L'elevata qualità del
vino del ronco ne permetteva una vendita redditizia, mentre il vino del piano,
di qualità scadente, veniva utilizzato per l'auto consumo; si beveva anche la
vinesa, derivante dalle vinacce torchiate messe in acqua per diversi giorni.
Ma
indipendentemente dalla localizzazione della vigna le varie tecniche culturali
e di produzioni non sempre davano un prodotto eccezionale. Si racconta che
molti contadini dovendo vendere il loro vino facessero cortesemente assaggiare
ai compratori abbondanti porzioni di formaggio vecchio riuscendo così a nascondere tutti i difetti della bevanda.

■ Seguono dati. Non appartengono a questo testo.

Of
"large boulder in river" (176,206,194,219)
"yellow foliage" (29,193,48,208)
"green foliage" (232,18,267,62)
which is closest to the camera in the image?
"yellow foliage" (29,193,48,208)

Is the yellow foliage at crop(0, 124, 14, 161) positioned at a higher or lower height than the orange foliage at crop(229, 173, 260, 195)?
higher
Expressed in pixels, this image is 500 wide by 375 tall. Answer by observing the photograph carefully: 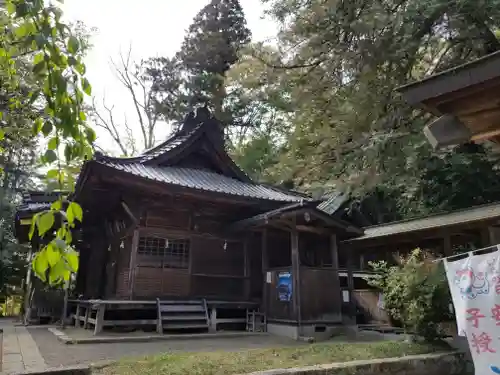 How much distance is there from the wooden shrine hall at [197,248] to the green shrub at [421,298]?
2901 millimetres

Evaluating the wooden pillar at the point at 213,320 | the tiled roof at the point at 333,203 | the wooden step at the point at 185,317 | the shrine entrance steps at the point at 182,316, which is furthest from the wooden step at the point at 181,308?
the tiled roof at the point at 333,203

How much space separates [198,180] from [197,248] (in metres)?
1.95

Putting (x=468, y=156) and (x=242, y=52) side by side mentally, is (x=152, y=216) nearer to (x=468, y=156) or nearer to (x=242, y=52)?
(x=242, y=52)

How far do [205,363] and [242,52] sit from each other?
33.5 ft

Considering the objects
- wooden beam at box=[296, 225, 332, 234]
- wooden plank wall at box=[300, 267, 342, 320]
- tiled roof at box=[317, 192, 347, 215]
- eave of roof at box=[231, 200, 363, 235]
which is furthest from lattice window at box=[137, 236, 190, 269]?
tiled roof at box=[317, 192, 347, 215]

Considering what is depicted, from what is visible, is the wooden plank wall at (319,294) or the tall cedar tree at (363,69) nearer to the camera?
the tall cedar tree at (363,69)

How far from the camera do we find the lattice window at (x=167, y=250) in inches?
420

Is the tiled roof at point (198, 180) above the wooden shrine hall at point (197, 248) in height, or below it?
above

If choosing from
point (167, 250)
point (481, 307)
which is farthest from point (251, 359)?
point (167, 250)

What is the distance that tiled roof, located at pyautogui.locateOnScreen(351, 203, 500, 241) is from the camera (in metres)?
10.1

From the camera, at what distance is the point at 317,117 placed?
12.2 m

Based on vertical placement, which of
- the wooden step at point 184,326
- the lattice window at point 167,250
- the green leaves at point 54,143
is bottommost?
the wooden step at point 184,326

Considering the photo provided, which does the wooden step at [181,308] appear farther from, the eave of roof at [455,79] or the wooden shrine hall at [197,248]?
the eave of roof at [455,79]

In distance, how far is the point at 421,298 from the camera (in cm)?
714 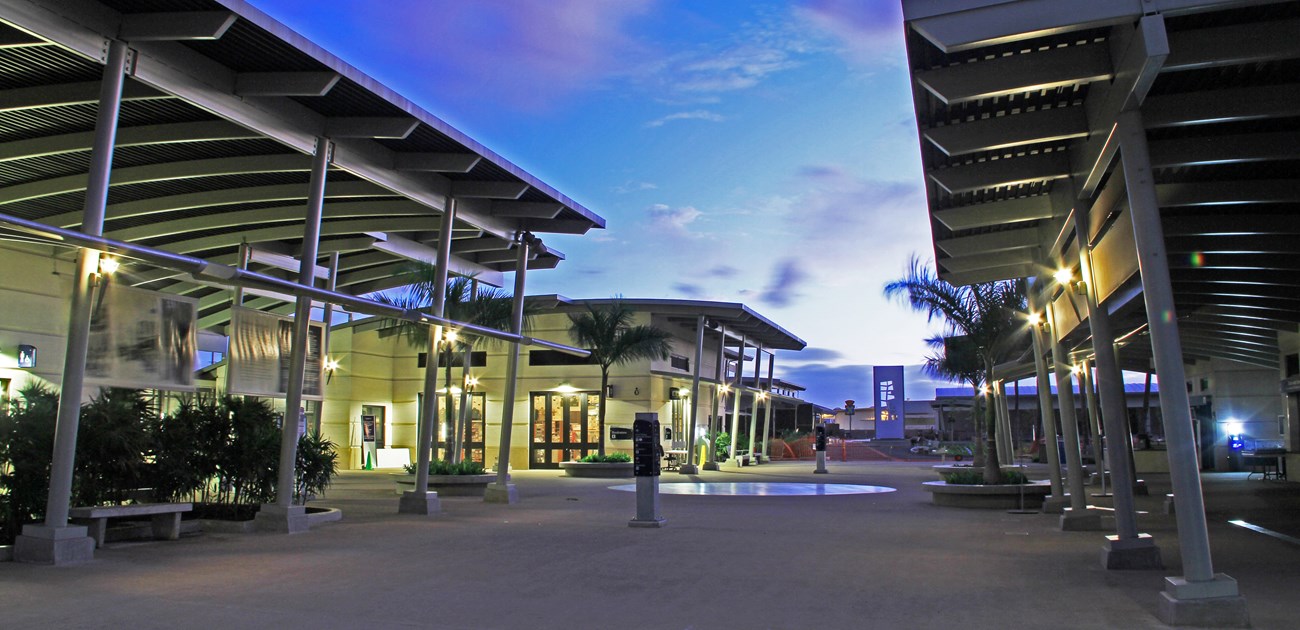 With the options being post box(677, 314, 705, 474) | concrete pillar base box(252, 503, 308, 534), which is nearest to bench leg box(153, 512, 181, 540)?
concrete pillar base box(252, 503, 308, 534)

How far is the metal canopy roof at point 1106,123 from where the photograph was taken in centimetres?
652

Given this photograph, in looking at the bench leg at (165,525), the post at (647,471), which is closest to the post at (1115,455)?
the post at (647,471)

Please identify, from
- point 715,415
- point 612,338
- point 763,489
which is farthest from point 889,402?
point 763,489

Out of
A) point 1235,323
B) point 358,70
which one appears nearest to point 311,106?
point 358,70

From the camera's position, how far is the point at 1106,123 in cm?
780

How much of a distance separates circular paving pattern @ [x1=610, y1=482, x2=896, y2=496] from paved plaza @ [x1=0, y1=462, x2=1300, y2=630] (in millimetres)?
6286

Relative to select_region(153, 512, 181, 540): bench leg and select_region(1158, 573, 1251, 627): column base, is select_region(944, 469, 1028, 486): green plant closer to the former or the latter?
select_region(1158, 573, 1251, 627): column base

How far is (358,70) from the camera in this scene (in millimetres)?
11328

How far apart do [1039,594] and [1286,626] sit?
175 cm

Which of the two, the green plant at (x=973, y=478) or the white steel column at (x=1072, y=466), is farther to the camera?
the green plant at (x=973, y=478)

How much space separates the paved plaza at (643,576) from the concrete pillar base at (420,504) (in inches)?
25.4

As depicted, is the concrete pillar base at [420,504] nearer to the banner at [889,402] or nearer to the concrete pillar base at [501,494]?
the concrete pillar base at [501,494]

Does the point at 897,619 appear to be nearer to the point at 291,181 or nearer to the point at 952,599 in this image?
the point at 952,599

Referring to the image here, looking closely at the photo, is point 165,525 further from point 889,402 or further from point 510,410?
point 889,402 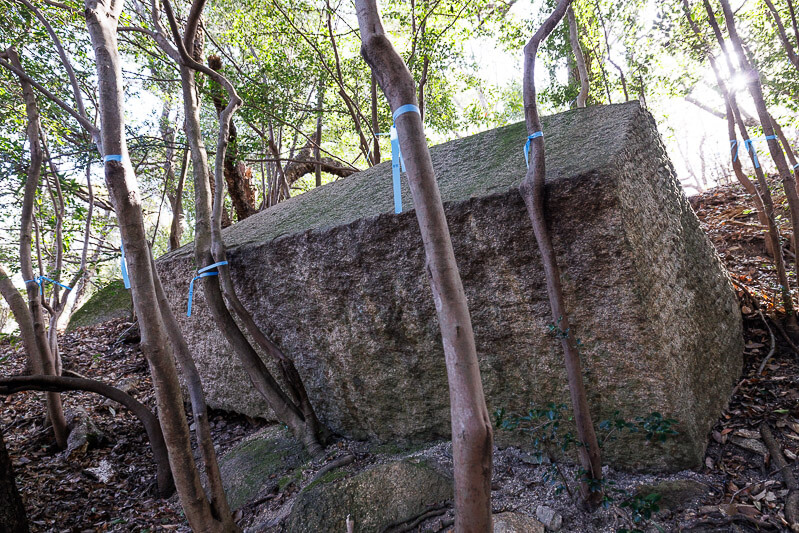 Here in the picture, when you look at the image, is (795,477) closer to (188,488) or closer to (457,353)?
(457,353)

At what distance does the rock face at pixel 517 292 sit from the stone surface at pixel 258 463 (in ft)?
1.10

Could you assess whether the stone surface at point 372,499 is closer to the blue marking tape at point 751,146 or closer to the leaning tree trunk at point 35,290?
the leaning tree trunk at point 35,290

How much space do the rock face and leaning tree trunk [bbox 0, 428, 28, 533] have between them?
58.6 inches

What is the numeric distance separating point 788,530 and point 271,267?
9.48 ft

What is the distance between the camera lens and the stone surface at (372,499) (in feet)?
6.69

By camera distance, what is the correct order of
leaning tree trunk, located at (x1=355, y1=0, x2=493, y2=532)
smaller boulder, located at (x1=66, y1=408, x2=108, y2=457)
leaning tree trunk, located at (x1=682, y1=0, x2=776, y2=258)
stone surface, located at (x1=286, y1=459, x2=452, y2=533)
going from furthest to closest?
1. smaller boulder, located at (x1=66, y1=408, x2=108, y2=457)
2. leaning tree trunk, located at (x1=682, y1=0, x2=776, y2=258)
3. stone surface, located at (x1=286, y1=459, x2=452, y2=533)
4. leaning tree trunk, located at (x1=355, y1=0, x2=493, y2=532)

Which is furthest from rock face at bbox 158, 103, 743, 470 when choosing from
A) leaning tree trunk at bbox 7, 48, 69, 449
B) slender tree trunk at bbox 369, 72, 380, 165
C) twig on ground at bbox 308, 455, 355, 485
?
slender tree trunk at bbox 369, 72, 380, 165

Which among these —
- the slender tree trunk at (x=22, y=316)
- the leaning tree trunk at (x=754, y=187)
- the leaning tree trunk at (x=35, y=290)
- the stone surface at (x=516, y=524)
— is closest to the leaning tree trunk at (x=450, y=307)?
the stone surface at (x=516, y=524)

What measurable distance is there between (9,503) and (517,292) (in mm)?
2796

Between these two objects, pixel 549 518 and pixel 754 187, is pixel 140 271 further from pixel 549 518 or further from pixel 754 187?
pixel 754 187

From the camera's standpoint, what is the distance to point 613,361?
1.97 m

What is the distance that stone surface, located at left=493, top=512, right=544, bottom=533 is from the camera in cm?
179

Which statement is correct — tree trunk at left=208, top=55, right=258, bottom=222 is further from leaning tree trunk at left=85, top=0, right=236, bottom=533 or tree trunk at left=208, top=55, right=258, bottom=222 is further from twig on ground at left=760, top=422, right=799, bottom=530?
twig on ground at left=760, top=422, right=799, bottom=530

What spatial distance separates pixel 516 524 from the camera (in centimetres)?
182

La cultura del vigneto appartiene
comunque alla sponda soliva, a tutto quel territorio, da Traona a Tirano, dove
il contadino valtellinese è riuscito ad inventare la viticoltura sostituendo la
nuda roccia con terreno trasportato a spalla , creando piccoli terrazzamenti
con la costruzioni di muri a secco. Un patrimonio di grandissimo valore
ambientale che ancora oggi permette la produzione dei famosi vini della
Valtellina.
Una coltivazione precisa, fatta di giornate dedicate alla potatura,
alla legatura dei tralci con i rami di salice, alla zolfatura fatta utilizzando
la pompa a spalla, alla "sgarzolatura", una potatura verde che
permette una miglior crescita dei rami con grappoli, fino ad arrivare alla
vendemmia che conclude la faticosa stagione dedicata alla vite.
"Giorni di
vendemmia, giorni di festa" si diceva; una festa corale fatta di raccolta,
di trasporto, di continui e faticosi scendere ed arrampicarsi per le varie
scalinate dei muretti. Ma anche un'occasione per stare insieme, per cantare; un
momento di socializzazione che culminava con il pranzo collettivo nelle case
rurali collocate strategicamente tra i vigneti. Erano principalmente le donne
che cantavano, famose quelle di Triangia per i "gigui" grida di auto
compiacimento che venivano fatte alla fine di ogni canzone.
Gli uomini
difficilmente cantavano, con le gerle colme di uva e con le pesanti brente in
legno non potevano distrarsi dovendo con notevole equilibrio camminare tra gli
stretti e ripidi sentieri per portare il prodotto ai piedi del vigneto dove
grossi tini caricati su carri attendevano di esser riempiti.
La festa della
vendemmia si concludeva con la pigiatura: le ragazze abbandonando il loro
pudore entravano nei tini ed iniziavano la spremitura dell'uva con i piedi,
mostrando con naturalezza le gambe bianche fino alle cosce. E così nascevano
quei vini, Sassella ,Grumello, Inferno, che hanno reso famosa la Valtellina. Si
produceva anche lo "sfurzat", lasciando appassire le uve sui graticci
per almeno due mesi prima della pigiatura in modo di aumentare la
concentrazione di zucchero, riuscendo così ad arrivare a gradazioni superiori
ai 15 gradi. Lo sforzato era un vino nobile che veniva consumato solo in
occasioni particolari, qualcuno addirittura lo considerava un ricostituente da
bersi a piccoli sorsi solo in caso di malattia.